The U.S. Trade and Development Agency awarded a grant to Global Broadband Solution SARL (GBS), an internet service provider based in the Democratic Republic of the Congo (DRC), for a feasibility study to expand rural internet connectivity for half a million people in the DRC’s eastern region. GBS selected California-based startup Ukama, Inc. (Ukama) to carry out the study, which includes a pilot project to demonstrate the delivery of Ukama’s connectivity technology.
“USTDA is committed to expanding rural internet access across Africa, working in partnership with the continent’s private and public sectors,” said Enoh T. Ebong, USTDA’s Director. “Under our Access Africa initiative, we are supporting connectivity for millions of Africans by tapping into the expertise of U.S. industry, whose innovative solutions are trusted and second to none.”
USTDA’s pilot project and feasibility study will advance GBS’s goal of connecting individuals and businesses to affordable high-speed internet networks in the DRC’s North Kivu and South Kivu Provinces. The study will assess the economic and technical viability of deploying an end-to-end LTE connectivity solution for data services delivered over satellite and fixed wireless technology using Ukama’s decentralized cellular internet infrastructure.
“This study will help prove the decentralized cellular internet network technology and business model to get cellular internet connectivity to the people of the DRC,” said Zubeir Mohamed, GBS’s Chief Technology Officer. “We are excited to work with USTDA on this opportunity to test and deploy technology to help further our vision of providing reliable cost-effective data access for individuals and businesses alike”
Kashif Ali, founder and CEO of Ukama, said: “The USTDA-funded study will bring together local stakeholders, as well as leading access and backhaul technology and financial institutions. We aim to provide affordable access to the internet using decentralized cellular internet networks in the Eastern DRC, which can be replicated to other parts of the DRC and rural Africa.”

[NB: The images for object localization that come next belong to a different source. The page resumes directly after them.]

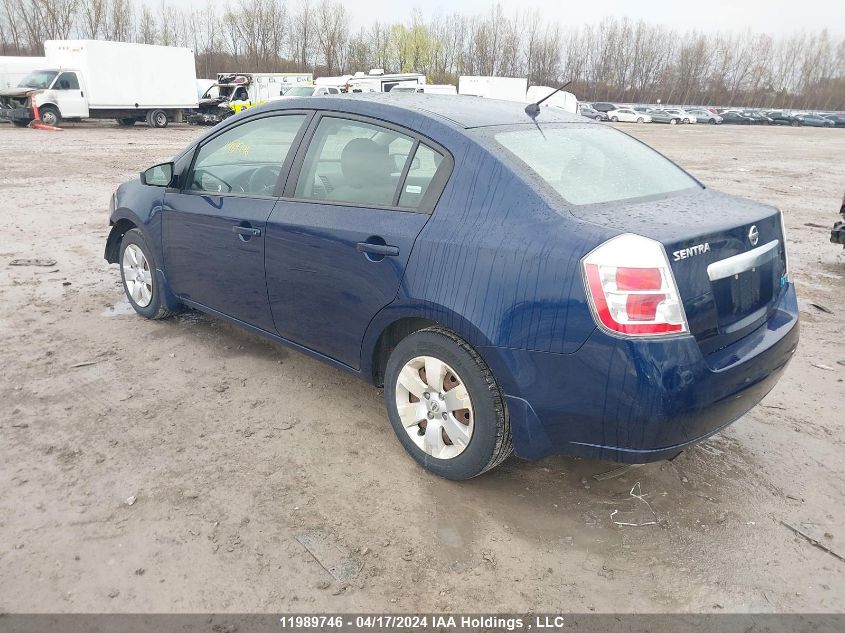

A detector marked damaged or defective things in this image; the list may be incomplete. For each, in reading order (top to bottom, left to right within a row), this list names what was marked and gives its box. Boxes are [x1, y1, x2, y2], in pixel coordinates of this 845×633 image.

damaged vehicle [188, 72, 314, 125]
damaged vehicle [105, 94, 796, 478]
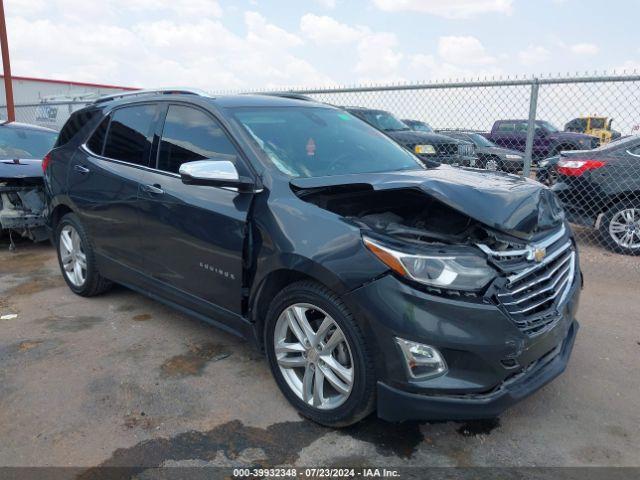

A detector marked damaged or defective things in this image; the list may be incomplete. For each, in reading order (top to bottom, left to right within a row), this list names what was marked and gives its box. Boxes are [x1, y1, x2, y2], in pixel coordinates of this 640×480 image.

crumpled hood [0, 158, 42, 181]
front end damage [0, 160, 47, 246]
crumpled hood [292, 165, 564, 240]
broken headlight [364, 237, 496, 290]
front end damage [290, 165, 580, 420]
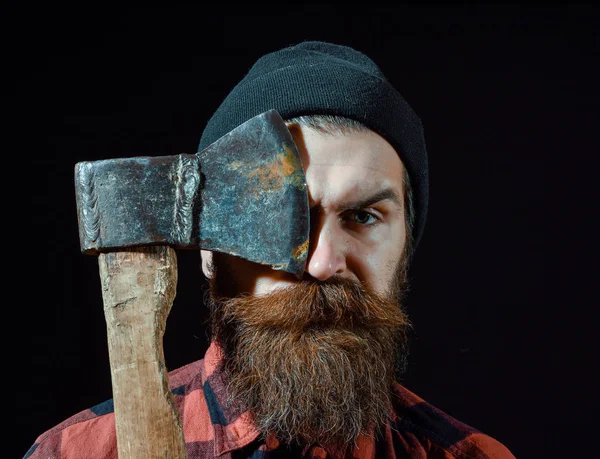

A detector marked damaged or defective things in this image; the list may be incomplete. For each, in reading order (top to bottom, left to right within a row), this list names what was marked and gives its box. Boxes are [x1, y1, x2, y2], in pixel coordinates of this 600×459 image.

rusty axe head [74, 110, 310, 276]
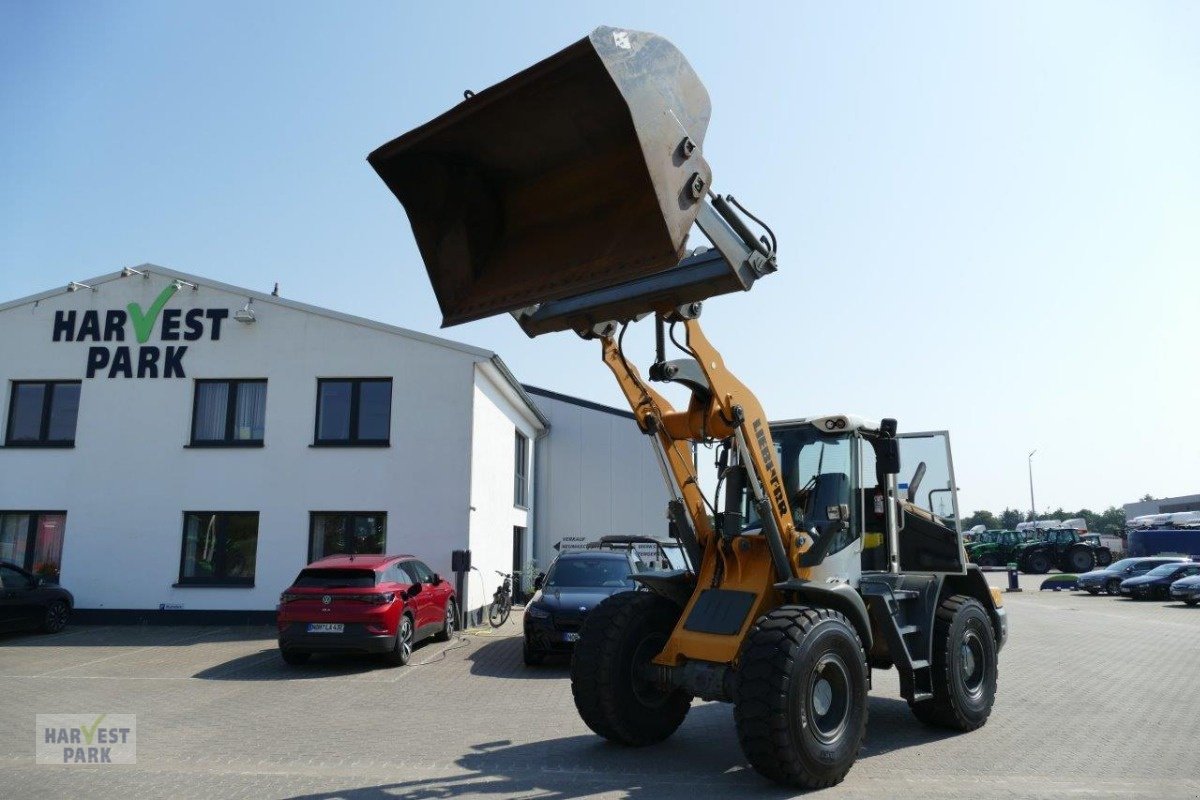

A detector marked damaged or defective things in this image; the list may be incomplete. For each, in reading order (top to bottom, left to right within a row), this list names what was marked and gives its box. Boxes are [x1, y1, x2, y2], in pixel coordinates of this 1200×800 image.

rusty steel bucket [369, 27, 710, 328]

This activity supports the goals of USTDA’s Access Africa initiative to advance the deployment of critical ICT infrastructure in communities across the continent. It also advances the objectives of the Partnership for Global Infrastructure and Investment, as well as the U.S. government’s Prosper Africa initiative designed to increase two-way trade and investment between the United States and Africa. Since 1992, USTDA has funded more than 80 activities in sub-Saharan Africa’s ICT sector.